Doubtless criticism was originally benignant, pointing out the beauties of a work rather that its defects. The passions of men have made it malignant, as a bad heart of Procreates turned the bed, the symbol of repose, into an instrument of torture.
Longfellow, Henry Wadsworth

34.
Criticism is a misconception: we must read not to understand others but to understand ourselves.
Cioran, E. M.

35.
Blame is safer than praise.
Emerson, Ralph Waldo

36.
One does not lash hat lies at a distance. The foibles that we ridicule must at least be a little bit our own. Only then will the work be a part of our own flesh. The garden must be weeded.
Klee, Paul

37.
Nothing would improve newspaper criticism so much as the knowledge that it was to be read by men too hardy to acquiesce in the authoritative statement of the reviewer.
Hutton, R. H.

38.
Harsh counsels have no effect; they are like hammers which are always repulsed by the anvil.
Helvetius, Claude A.

39.
People who ask for your criticism want only praise.
Maugham, W. Somerset

40.
Take heed of critics even when they are not fair; resist them even when they are.
Rostand, Jean

41.
In my conscience I believe the baggage loves me, for she never speaks well of me herself, nor suffers any body else to rail at me.
Congreve, William

42.
It is just as hard to do your duty when men are sneering at you as when they are shouting at you.
Wilson, Woodrow T.

43.
Genuine polemics approach a book as lovingly as a cannibal spices a baby.
Benjamin, Walter

44.
The text is merely one of the contexts of a piece of literature, its lexical or verbal one, no more or less important than the sociological, psychological, historical, anthropological or generic.
Fiedler, Leslie

45.
Do what you feel in your heart to be right - for you'll be criticized anyway.

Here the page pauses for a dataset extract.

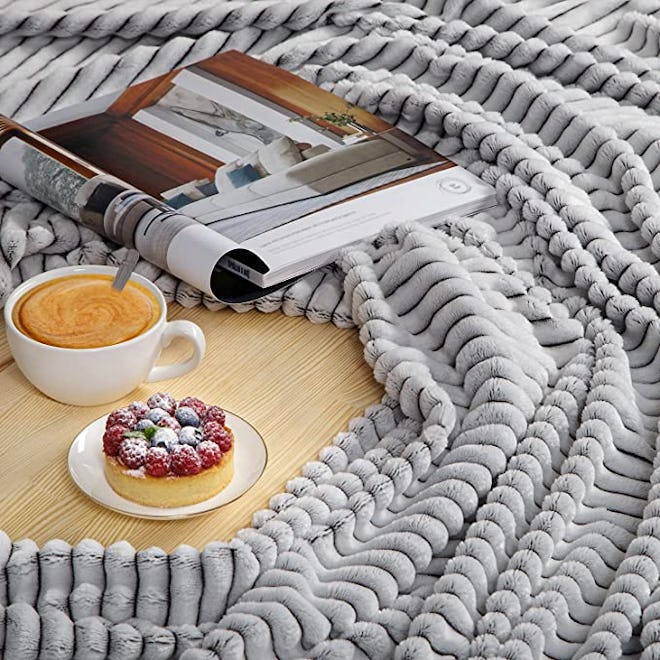 A cozy gray throw blanket is the perfect Great British Baking Show gift for avid rewatchers.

You'll be damned if you do, and damned if you don't.
Eleanor Roosevelt

46.
In most modern instances, interpretation amounts to the philistine refusal to leave the work of art alone. Real art has the capacity to make us nervous. By reducing the work of art to its content and then interpreting that, one tames the work of art. Interpretation makes art manageable, conformable.
Sontag, Susan

47.
A louse in the locks of literature.
Tennyson, Lord Alfred

48.
Though by whim, envy, or resentment led, they damn those authors whom they never read.
Churchill, Charles

49.
Give me the critic bred in Nature's school, who neither talks by rote, nor thinks by rule; who feeling's honest dictates still obeys, and dares, without a precedent, to praise.
Shee, Sir Martin Archer

50.
Never retract, never explain, never apologize; get things done and let them howl.